Coastal erosion along a 64-kilometer (40-mile) stretch of Alaska’s Beaufort Sea doubled between 2002 and 2007, report researchers, who link the development to “declining sea ice extent, increasing summertime sea-surface temperature, rising sea level, and increases in storm power and corresponding wave action.”



“These factors may be leading to a new era in ocean-land interactions that seem to be repositioning and reshaping the Arctic coastline,” write Benjamin Jones, a geologist with the U.S Geological Survey in Anchorage, and colleagues in the journal Geophysical Research Letters.



The researchers warn that though the pattern may not be representative of the overall Arctic, they may forecast the future pattern of coastline erosion in the region, according to the American Geophysical Union.



“This segment of coastline has historically eroded at some of the highest rates in the circum-Arctic, so the changes occurring on this open-ocean coast might not be occurring in other Arctic coastal settings,” said Jones.

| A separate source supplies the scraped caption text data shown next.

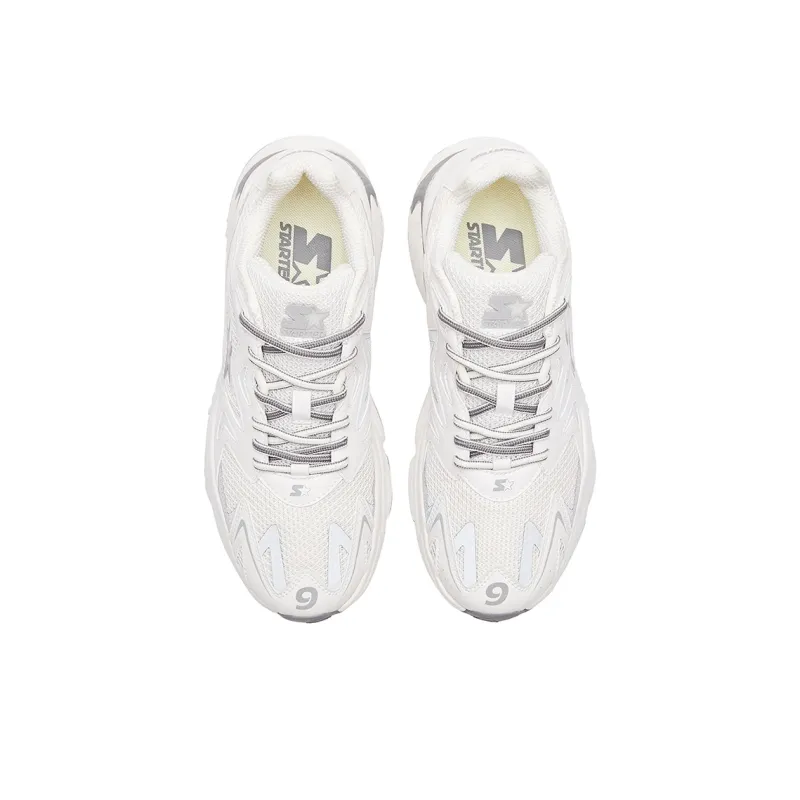 STARTER Breathable Low Top Casual Running Shoes Unisex Snowball White-4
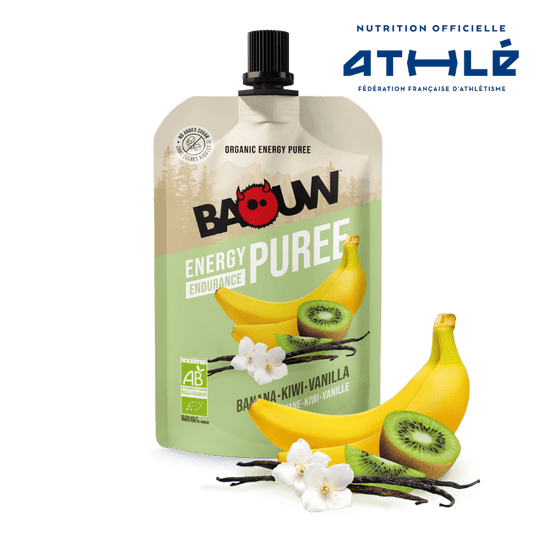 BAOUW Bio Rezeptur Fruchtpüree Banane/Kiwi/Vanille (90g)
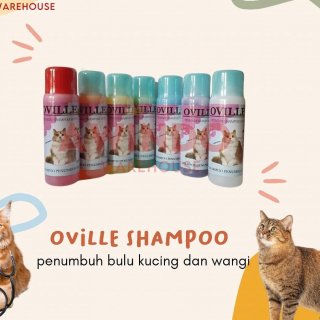 3. OVILLE Shampo Kucing Penumbuh Pelebat Bulu Kucing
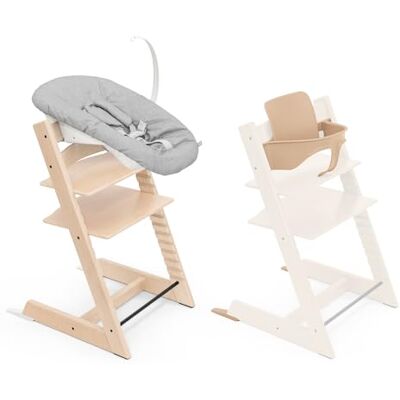 Stokke Tripp Trapp Kinderstoel (Naturel) met Newborn Set & Baby Set 2 (natuurlijk), veilig, verstelbaar en ergonomisch design Stokke Tripp Trapp Kinderstoel (Naturel) met Newborn Set & Baby Set 2 (natuurlijk), veilig, verstelbaar en ergonomisch design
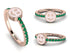 Elegant Enamel Smile Emerald Ring - Smile No. 5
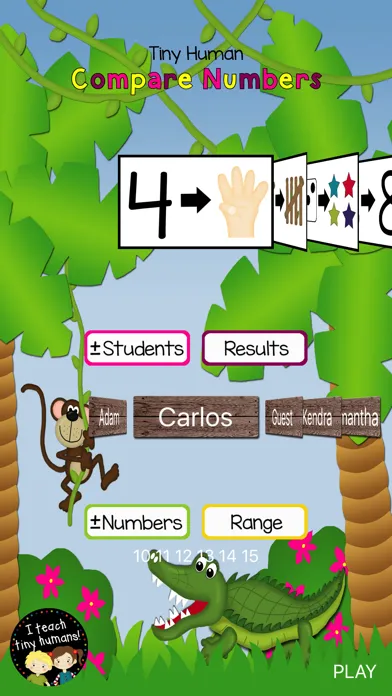 ภาพหน้าจอของ Tiny Human Compare Numbers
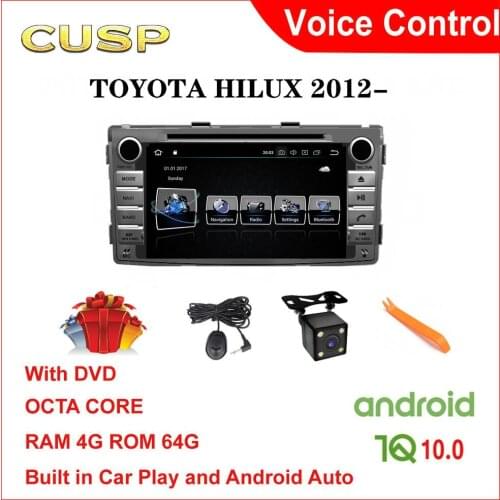 HILUX GPS RADIO DVD ANDROID CAR GPS FOR TOYOTA HILUX CAR DVD 6.2 inch CAR STEREO ANDROID 4G+64G Car Multimedia NAVIGATION CUSP
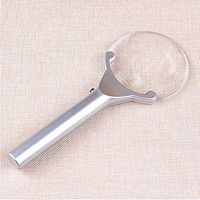 Illuminated Magnifying Glass10x Handheld Portable Reading Elderly Frameless Lightweight with Led Lamp for Old Man Read Newspaper Optical Glasses Lens Hobbies Jewelry Maps Crafts Handheld Magnifier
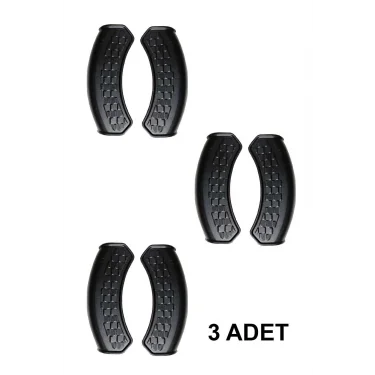 Nishev Premium 3lü Yanmaz Yapışmaz Silikon Tava & Sahan Tutacağı Seti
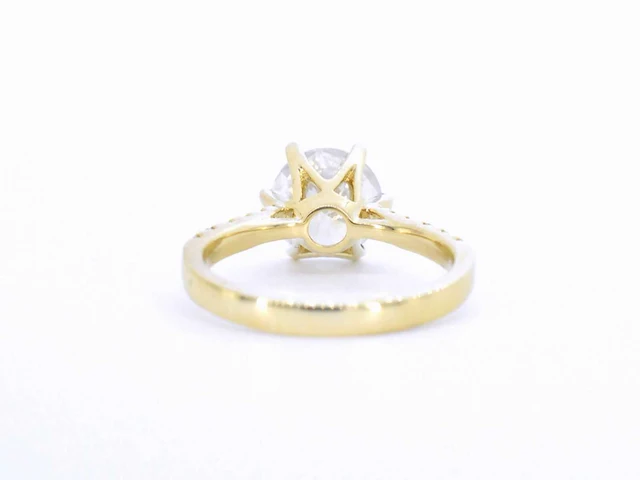 Gouden ring diamant - afbeelding 8 van  10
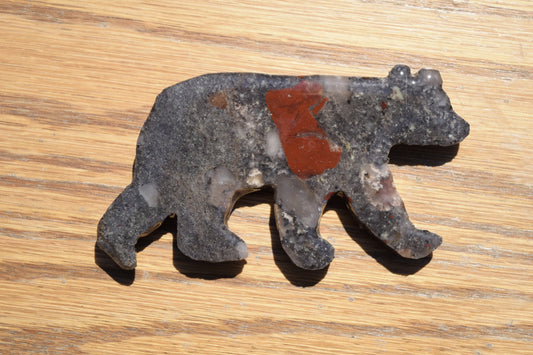 Puddingstone Bear Magnet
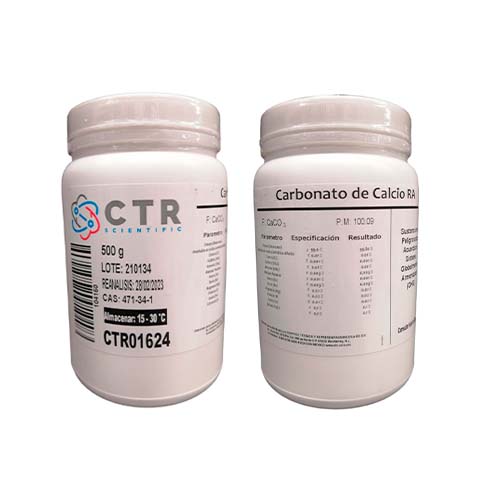 21794. CARBONATO DE CALCIO RA PLASTICO 500GR - CTR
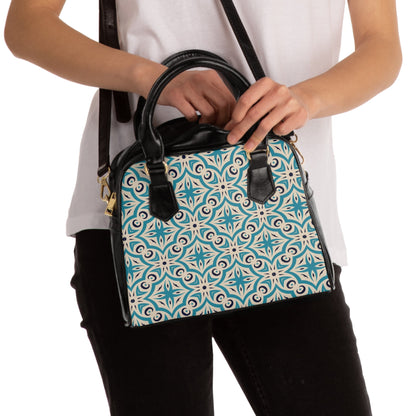 Shoulder Handbag - Vintage Elegance - 9.45’’ x 8.27’’ / Black - Bags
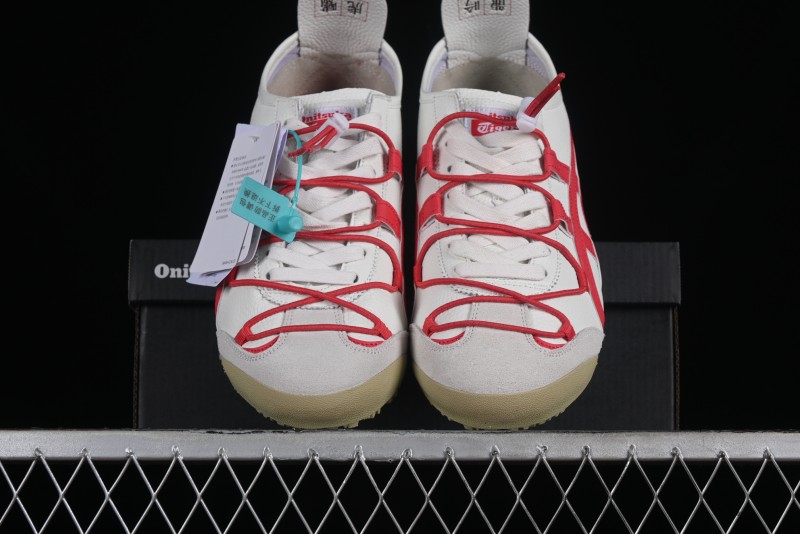 OnitsukaTiger Mexico 66 Low-Top Lace-Up Casual Running Shoes - 1183C216-100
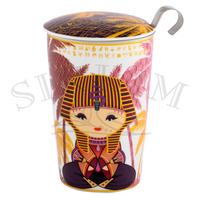 Kubek termiczny JM z zaparzaczem `Mały Egipt Lilac` 350ml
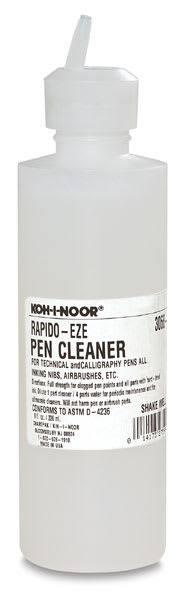 Koh-I-Noor Rapido-Eze Pen Cleaning Concentrate - 2 oz bottle with pour spout open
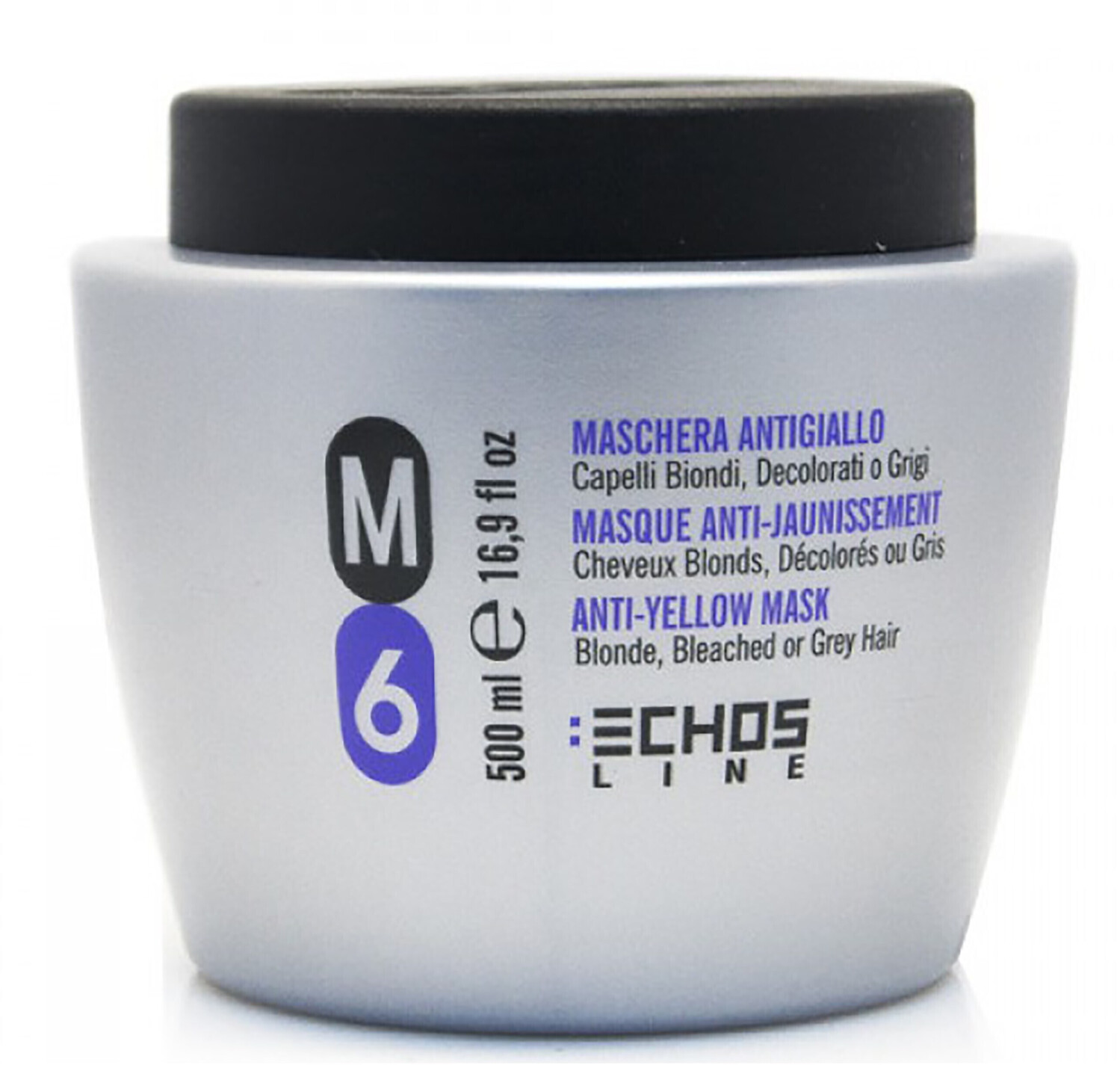 Photos - Hair Product Echosline M6 Anti-Yellow Mask  (500ml)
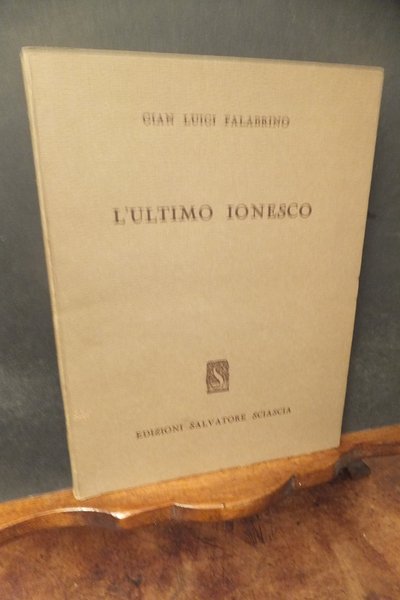 L'ULTIMO IONESCO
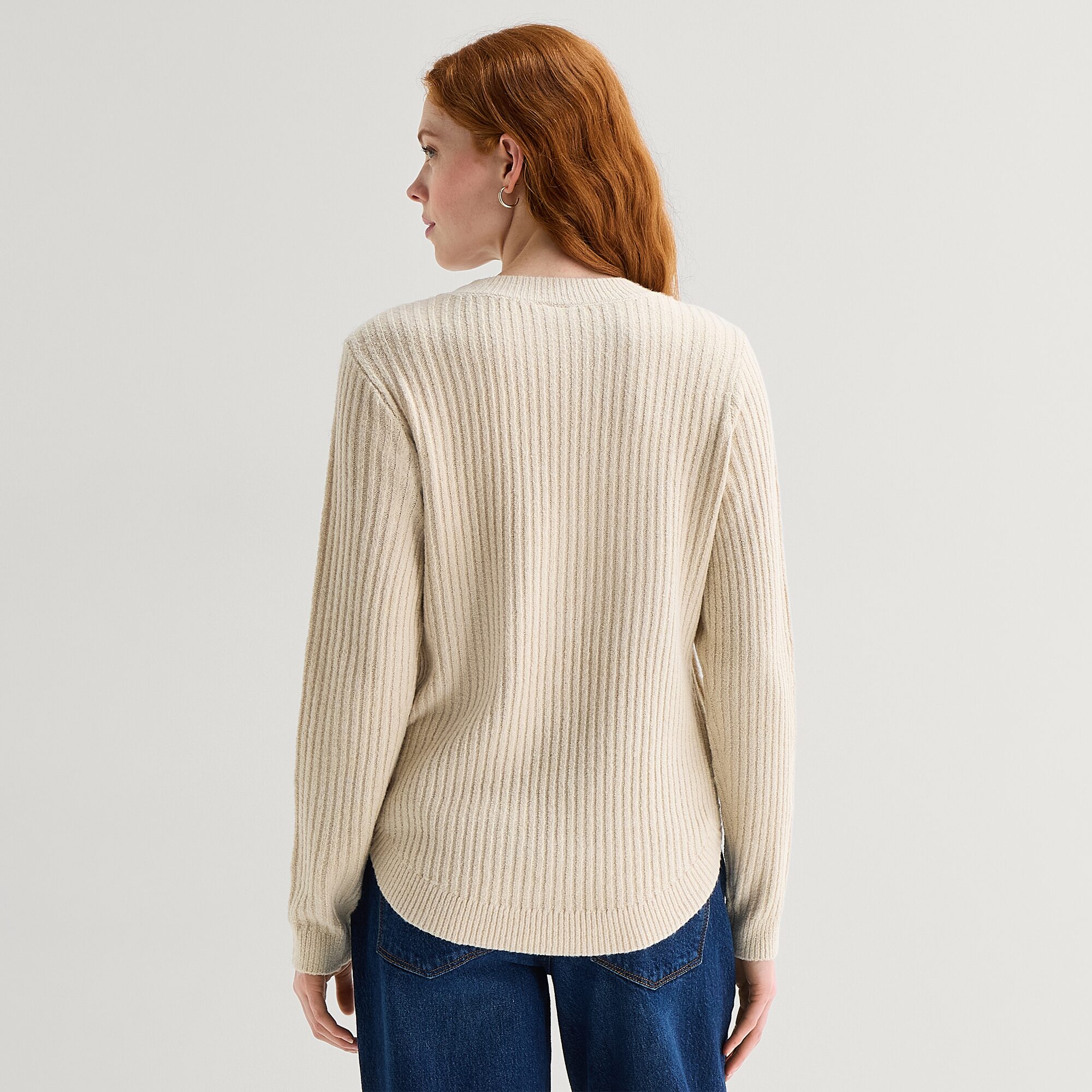 St. John's Bay Womens Crew Neck Long Sleeve Pullover Sweater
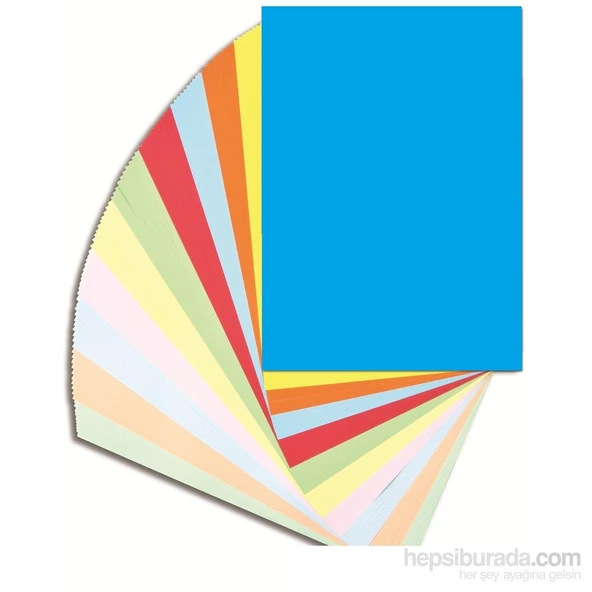 Alex Schoeller A4 Renkli Fotokopi Kağıdı 10 Renk - 100 Adet ALX-779 - 2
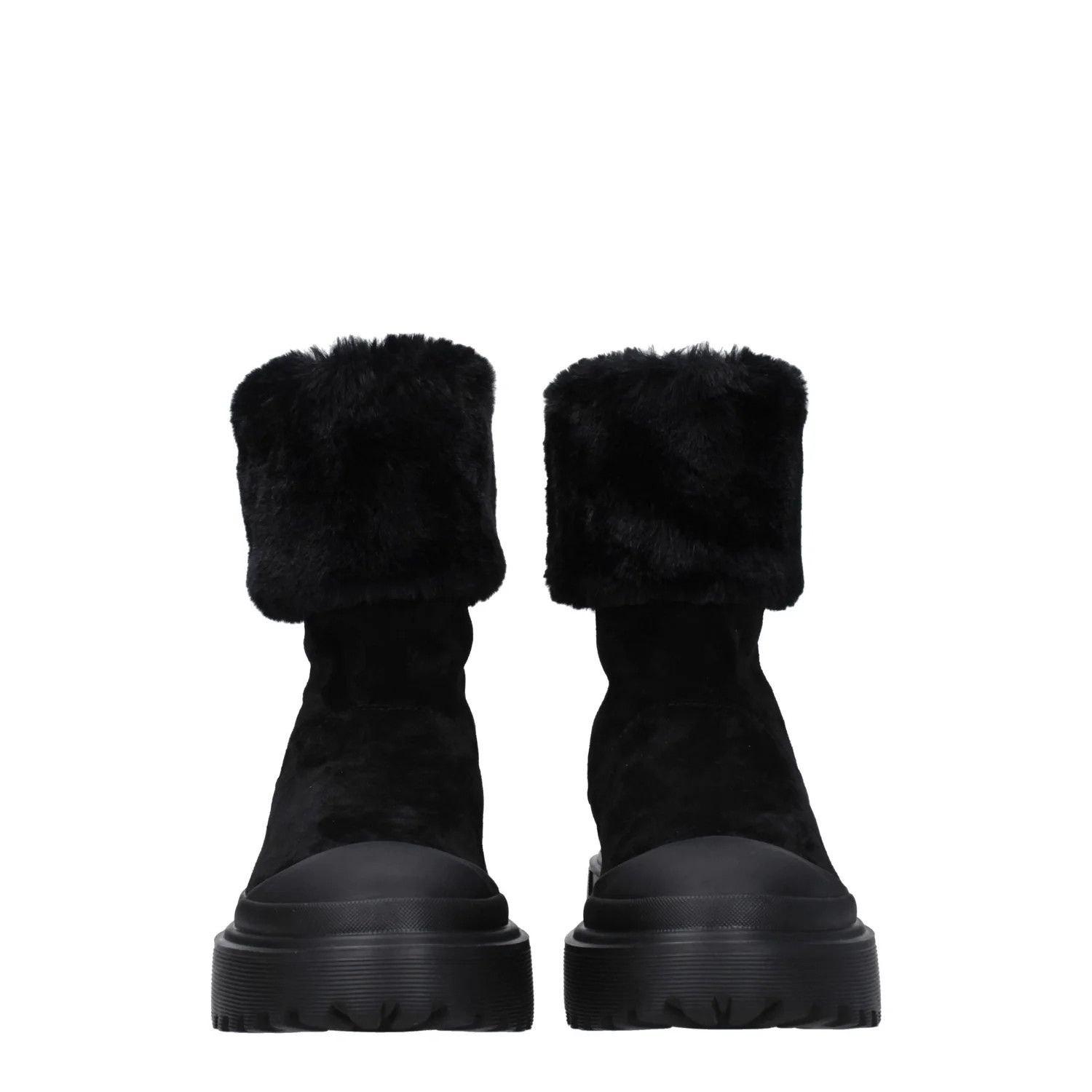 Hogan ob1o1e1124 Suede Ankle Boots in Black Size US 5 / IT 35 - 3 Thumbnail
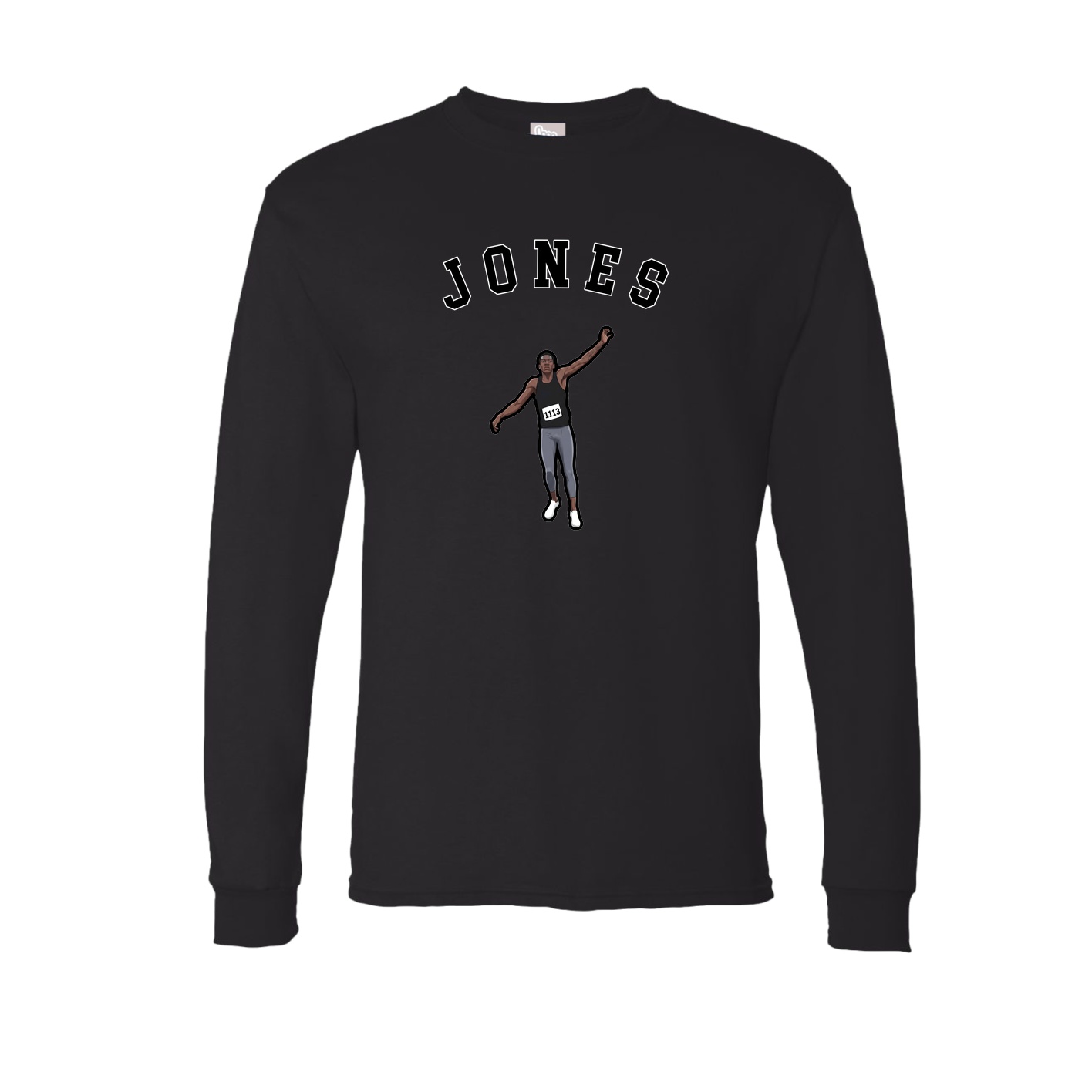 Long Sleeve Tee — Shirsey Arch in Black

“The recent trends toward warming sea-surface temperatures and rising sea-level may act to weaken the permafrost-dominated coastline by helping more quickly thaw ice-rich coastal bluffs and may potentially explain the disproportionate increase in erosion along ice-rich coastal bluffs relative to ice-poor coastal bluffs that we documented in our study,” Jones continued. “Any increases in already rapid rates of coastal retreat will have further ramifications on Arctic landscapes – including losses in freshwater and terrestrial wildlife habitats, in subsistence grounds for local communities, and in disappearing cultural sites, as well as adversely impacting coastal villages and towns. In addition, oil test wells are threatened.”



Average annual erosion rates along the studied segment of the Beaufort Sea have risen from about 6.1 m (20 ft) per year between the mid-1950s and late-1970s, to 8.5 m (28 ft.) per year between the late-1970s and early 2000s, to 14 meters (45 feet) per year during the 2002-2007 period.



Jones, B. M., C. D. Arp, M. T. Jorgenson, K. M., Hinkel, J. A. Schmutz, and P. L. Flint (2009), Increase in the rate and uniformity of coastline erosion in Arctic Alaska, Geophys. Res. Lett., 36, L03503, doi:10.1029/2008GL036205.